BT Account- Payment Declined – Phishing

Any phishing attempt wants to get as much personal and financial information from you as possible. This BT Account- Payment Declined pretending to come from BT.com <[email protected]>phishing scam is one of them. The phishers try to use well known companies or Government departments like British Telecom, HMRC, Inland Revenue, Virgin Media, British Gas or any company that many people are likely to have an account with.

This one wants your personal details and your credit card and bank details. Many of them are also designed to specifically steal your email, facebook and other social network log in details.

Please read our How to protect yourselves page for simple, sensible advice on how to avoid being infected by this sort of socially engineered malware.

The original email looks like this,

You have 1 new Message Alert! Your BT Account has generated an Important update alert. This measure has been adopted because we been unable to process your payment for your recent Bill. You must verify your information to avoid disconnection of service. Upon verification,your account will automatically update,click on the link below to complete this process.

Log in to My BT Account follow the instructions on your screen. *Important* Please update your records on or before 24hours,a failure to update your records will result in a temporary disconection of service.

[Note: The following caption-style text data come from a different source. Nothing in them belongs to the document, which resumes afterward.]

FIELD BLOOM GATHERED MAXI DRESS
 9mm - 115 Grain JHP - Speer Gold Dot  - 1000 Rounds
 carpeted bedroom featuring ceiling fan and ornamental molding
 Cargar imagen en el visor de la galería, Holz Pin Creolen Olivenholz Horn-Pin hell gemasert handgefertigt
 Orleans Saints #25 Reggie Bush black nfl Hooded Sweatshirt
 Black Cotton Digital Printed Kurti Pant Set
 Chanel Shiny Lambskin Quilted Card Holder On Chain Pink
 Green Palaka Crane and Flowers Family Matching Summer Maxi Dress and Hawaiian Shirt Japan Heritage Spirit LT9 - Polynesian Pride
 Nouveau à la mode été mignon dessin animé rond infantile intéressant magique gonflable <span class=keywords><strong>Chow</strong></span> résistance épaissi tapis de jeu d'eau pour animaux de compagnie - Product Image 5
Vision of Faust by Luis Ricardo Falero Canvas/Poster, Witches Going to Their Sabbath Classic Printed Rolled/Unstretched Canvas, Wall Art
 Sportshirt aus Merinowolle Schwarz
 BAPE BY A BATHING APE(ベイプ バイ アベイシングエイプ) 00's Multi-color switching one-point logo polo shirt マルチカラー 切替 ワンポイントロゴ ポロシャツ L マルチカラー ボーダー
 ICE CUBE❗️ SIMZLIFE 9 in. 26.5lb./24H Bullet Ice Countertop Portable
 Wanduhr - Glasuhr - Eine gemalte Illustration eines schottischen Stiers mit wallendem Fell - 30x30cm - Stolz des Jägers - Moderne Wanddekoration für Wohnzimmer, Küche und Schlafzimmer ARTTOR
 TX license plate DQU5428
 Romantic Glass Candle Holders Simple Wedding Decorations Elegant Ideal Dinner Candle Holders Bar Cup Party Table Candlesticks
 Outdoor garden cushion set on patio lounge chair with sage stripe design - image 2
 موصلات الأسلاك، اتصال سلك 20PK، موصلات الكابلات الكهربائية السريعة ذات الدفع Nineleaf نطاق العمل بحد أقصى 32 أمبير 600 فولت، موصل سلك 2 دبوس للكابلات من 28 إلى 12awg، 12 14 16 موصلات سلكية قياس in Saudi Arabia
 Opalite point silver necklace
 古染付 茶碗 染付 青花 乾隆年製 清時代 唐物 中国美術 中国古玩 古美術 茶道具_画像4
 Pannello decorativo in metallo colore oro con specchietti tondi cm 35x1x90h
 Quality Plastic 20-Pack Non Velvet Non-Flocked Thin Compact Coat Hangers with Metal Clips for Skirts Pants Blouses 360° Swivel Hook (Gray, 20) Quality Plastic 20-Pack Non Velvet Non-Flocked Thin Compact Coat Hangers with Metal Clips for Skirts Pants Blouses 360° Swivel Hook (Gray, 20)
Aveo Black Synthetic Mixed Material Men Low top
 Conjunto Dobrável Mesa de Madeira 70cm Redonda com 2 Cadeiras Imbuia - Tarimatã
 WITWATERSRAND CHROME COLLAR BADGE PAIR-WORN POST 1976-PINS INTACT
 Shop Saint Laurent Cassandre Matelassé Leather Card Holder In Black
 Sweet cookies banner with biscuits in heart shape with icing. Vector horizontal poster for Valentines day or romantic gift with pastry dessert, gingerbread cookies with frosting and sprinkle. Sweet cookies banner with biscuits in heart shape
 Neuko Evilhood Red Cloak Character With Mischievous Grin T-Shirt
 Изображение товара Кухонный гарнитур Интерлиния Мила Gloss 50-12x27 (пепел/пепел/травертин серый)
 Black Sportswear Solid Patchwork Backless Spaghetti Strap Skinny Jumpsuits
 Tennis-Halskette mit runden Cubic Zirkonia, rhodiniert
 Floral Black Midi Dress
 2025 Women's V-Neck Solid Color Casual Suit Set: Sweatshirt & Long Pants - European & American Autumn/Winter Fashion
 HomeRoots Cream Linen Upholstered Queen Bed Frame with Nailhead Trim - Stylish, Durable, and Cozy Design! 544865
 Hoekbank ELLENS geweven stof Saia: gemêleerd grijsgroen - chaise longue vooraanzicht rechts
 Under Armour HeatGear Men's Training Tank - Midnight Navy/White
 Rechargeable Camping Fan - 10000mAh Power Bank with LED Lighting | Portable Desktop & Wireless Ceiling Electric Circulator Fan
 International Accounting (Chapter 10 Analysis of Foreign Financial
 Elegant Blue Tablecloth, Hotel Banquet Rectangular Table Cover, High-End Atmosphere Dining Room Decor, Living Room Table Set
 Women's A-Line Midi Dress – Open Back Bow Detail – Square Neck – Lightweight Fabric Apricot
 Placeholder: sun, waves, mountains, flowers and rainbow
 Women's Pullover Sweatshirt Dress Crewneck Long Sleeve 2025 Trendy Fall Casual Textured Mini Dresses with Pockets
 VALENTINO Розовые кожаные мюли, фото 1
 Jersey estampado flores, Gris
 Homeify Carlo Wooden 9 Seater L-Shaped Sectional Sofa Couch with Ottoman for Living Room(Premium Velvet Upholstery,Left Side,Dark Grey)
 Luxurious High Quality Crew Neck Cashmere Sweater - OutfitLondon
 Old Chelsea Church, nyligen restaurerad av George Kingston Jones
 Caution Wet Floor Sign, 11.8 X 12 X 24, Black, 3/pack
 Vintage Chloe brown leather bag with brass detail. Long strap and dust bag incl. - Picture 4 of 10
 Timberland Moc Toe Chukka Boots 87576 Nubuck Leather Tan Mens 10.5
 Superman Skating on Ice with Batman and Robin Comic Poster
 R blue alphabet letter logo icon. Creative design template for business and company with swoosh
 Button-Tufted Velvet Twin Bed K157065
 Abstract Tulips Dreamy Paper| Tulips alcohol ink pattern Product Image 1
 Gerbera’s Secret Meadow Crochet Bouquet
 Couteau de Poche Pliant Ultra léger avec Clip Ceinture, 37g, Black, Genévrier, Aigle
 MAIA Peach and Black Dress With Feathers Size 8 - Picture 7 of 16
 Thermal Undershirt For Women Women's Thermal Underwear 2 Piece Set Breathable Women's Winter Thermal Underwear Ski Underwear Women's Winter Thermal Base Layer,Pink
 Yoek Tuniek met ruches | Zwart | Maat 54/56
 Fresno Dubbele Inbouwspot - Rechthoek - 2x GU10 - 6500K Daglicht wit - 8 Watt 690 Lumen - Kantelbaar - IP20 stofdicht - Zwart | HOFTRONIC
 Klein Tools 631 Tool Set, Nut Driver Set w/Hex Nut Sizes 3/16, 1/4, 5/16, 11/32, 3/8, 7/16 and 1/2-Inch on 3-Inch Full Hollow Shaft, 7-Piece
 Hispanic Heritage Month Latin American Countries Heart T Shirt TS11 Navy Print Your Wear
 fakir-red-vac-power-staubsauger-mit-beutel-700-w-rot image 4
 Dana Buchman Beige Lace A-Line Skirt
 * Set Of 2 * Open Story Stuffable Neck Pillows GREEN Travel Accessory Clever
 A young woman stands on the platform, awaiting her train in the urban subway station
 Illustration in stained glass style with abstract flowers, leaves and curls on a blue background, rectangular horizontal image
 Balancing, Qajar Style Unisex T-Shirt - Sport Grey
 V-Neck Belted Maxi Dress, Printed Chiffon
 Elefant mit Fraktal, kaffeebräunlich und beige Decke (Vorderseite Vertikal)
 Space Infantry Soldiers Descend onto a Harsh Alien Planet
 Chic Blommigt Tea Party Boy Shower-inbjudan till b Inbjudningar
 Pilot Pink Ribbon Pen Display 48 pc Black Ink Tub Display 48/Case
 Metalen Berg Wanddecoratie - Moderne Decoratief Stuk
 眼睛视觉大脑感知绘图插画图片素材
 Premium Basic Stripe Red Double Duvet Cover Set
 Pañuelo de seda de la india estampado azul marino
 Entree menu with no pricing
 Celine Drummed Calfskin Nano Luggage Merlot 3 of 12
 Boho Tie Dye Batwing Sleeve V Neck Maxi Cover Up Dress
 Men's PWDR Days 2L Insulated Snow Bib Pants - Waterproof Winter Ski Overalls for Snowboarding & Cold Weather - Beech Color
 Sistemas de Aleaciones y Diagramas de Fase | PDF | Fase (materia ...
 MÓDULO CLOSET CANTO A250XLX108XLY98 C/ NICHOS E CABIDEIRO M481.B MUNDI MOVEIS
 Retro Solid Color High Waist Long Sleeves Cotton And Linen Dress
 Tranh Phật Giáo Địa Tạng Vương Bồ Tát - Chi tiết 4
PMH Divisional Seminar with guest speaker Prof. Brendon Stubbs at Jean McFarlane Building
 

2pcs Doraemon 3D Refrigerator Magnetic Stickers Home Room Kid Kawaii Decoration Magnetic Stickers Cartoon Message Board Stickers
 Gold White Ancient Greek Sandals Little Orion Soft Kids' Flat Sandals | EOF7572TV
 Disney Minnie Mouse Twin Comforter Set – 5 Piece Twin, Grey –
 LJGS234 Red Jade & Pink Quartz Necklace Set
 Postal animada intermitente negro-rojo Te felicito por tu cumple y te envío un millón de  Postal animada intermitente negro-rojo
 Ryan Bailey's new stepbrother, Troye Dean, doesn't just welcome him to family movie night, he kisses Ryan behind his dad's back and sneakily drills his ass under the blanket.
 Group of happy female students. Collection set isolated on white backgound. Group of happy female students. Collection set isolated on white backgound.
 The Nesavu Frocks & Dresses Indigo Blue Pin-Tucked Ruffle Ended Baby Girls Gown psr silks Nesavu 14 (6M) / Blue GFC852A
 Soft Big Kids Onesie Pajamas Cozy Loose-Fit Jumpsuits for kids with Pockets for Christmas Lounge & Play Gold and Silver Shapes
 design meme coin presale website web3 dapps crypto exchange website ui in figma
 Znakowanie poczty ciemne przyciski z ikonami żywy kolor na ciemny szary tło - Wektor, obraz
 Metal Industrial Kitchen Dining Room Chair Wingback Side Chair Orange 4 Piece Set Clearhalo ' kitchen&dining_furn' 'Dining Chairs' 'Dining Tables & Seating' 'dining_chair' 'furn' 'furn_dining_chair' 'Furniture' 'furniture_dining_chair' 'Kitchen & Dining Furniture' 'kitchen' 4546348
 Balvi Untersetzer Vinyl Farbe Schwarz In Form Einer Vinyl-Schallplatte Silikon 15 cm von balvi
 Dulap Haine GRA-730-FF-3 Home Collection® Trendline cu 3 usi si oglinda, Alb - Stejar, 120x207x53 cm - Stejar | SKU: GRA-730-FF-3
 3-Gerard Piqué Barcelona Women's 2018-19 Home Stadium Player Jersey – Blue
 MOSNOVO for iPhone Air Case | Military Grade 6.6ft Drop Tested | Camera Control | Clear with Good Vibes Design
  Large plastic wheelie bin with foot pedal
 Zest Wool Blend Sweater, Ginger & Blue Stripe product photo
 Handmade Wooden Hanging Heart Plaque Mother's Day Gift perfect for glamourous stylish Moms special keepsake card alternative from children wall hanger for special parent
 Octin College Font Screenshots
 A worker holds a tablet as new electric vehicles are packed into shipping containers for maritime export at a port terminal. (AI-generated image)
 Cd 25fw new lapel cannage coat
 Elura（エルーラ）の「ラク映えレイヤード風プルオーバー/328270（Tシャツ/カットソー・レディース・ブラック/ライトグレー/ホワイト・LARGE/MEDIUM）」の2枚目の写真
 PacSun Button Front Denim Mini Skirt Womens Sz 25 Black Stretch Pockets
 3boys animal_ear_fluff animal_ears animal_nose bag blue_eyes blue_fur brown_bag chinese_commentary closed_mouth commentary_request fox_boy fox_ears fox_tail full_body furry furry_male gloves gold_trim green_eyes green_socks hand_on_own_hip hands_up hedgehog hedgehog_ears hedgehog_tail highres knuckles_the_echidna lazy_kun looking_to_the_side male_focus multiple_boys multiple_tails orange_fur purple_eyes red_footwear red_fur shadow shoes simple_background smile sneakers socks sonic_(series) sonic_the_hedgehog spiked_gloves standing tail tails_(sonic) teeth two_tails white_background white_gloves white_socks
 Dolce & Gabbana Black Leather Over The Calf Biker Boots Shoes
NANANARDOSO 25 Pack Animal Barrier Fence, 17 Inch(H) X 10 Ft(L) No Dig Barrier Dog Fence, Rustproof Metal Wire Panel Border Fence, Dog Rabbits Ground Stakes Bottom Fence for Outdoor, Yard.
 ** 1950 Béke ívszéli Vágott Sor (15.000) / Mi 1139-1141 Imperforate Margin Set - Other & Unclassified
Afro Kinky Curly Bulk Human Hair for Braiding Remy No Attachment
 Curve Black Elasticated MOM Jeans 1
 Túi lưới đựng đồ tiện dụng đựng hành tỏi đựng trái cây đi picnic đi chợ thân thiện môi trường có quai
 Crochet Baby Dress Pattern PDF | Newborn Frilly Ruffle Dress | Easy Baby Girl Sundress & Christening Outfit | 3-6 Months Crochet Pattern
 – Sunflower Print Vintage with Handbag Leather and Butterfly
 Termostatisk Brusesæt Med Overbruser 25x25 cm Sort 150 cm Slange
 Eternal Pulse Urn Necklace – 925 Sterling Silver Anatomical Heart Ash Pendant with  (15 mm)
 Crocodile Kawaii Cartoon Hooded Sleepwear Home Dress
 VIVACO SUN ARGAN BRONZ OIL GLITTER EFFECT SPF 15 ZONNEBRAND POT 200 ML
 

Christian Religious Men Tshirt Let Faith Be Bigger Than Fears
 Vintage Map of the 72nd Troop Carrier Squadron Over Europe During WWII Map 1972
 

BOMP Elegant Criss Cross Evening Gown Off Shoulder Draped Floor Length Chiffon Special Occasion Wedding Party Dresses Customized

BT Account Payment Declined

The link in the email leads you to a webpage looking like:

BT billing fake details

That leads on to a page to enter all your details, including bank account, credit card, mother’s maiden name and everything else necessary to steal your identity and clean out your bank and credit card accounts

BT billing fake details

Then you get a success page, where they kindly inform you that “The Anti Fraud System has been succesfully added to your account” and then are bounced to the real BT site

BT billing fake details successAll of these emails use Social engineering tricks to persuade you to open the attachments that come with the email. Whether it is a message saying “look at this picture of me I took last night” and it appears to come from a friend or is more targeted at somebody who regularly is likely to receive PDF attachments or Word .doc attachments or any other common file that you use every day. Or whether it is a straight forward attempt, like this one, to steal your personal, bank, credit card or email and social networking log in details.

Be very careful when unzipping them and make sure you have “show known file extensions enabled“, And then look carefully at the unzipped file. If it says .EXE then it is a problem and should not be run or opened.